Format: | LP |
Availability: | In stock |
Transparent blue & white splatter vinyl. Bonus flexi disc with exclusive track. Signed art print. Foil numbered sleeve. Limited to 1000 copies.
Field Music announce ‘Limits of Language’, their first album of new music for almost four years. Back in 2022, the touring cycle for the ‘Flat White Moon’ album ended with a sense of finality. For the first time since the Mercury-nominated ‘Plumb’ ten years earlier, Peter and David had no plan for what, if anything, would come next. However, after six years of continuation, they were clear that if Field Music was to carry on then it would have to be different, in both sound and scope.
Solo projects followed with 2023 seeing the arrival of David’s quietly-jazzy ‘Soft Struggles’, the playful of electronica of Peter’s ‘Blowdry Colossus’ alongside a limited-issue brass collaboration LP ‘Binding Time’ and the vault-raiding ‘John Monroe EP’, made with original Field Music keyboard player Andrew Moore.

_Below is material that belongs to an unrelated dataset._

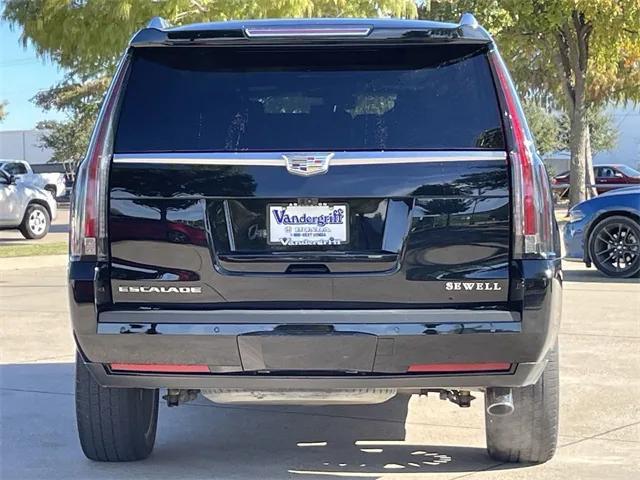 used 2018 Cadillac Escalade car, priced at $34,694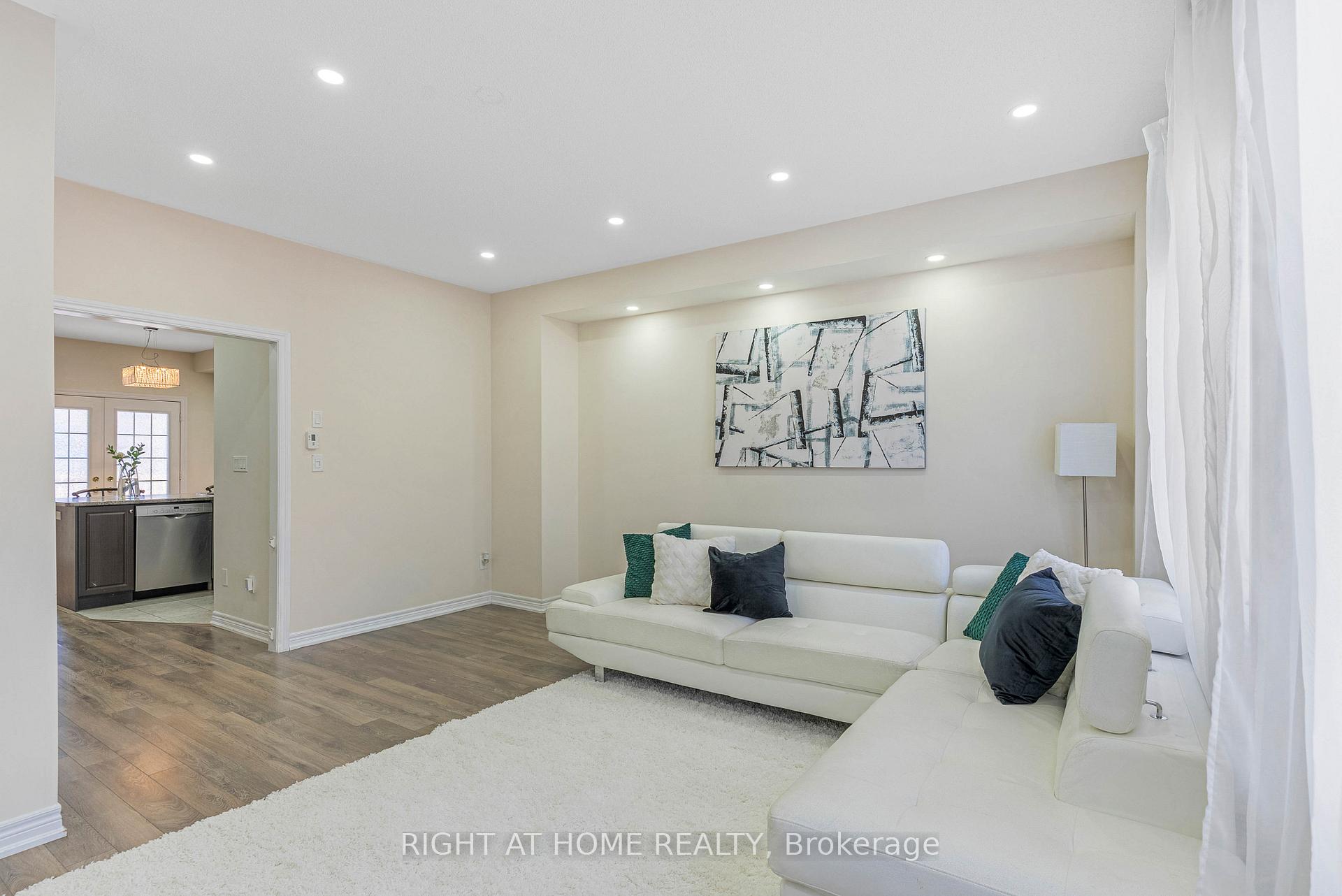 Photo 8 of 3 Rabbit Run Way, Brampton, Heart Lake East — HOMEH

It was these albums that provided fresh impetus for what was to become the new Field Music record. Whilst Peter amassed the instrumental compositions which become ‘Blowdry Colossus’, he was also tinkering with a batch of songs which would form the basis of ‘Limits of Language’, songs which mixed synthesised textures with off-the-cuff flickers of guitar and layers of disorientating found-sound percussion.
These fleshed-out demos included ‘The Waitress of St Louis’, an ode to the now-closed Sunderland café ’Louis’, which featured on the cover of their 2007 album ‘Tones of Town’, and to the Maggiore family who ran this cherished institution.
David’s songs came from a different angle but leant into the same sonic palette and shared the same sense of a past becoming granulated. Album opener, ‘Six Weeks, Nine Wells’ pits the hazy ecstasies of school summer holidays against the fear and foreboding of a child peeking through into an adult world.
‘Limits of Language’ sees Field Music continue with their astonishing, bloody-minded run of releases. A run which equates to an impressive twenty-one “Field Music Productions” in nineteen years as a band.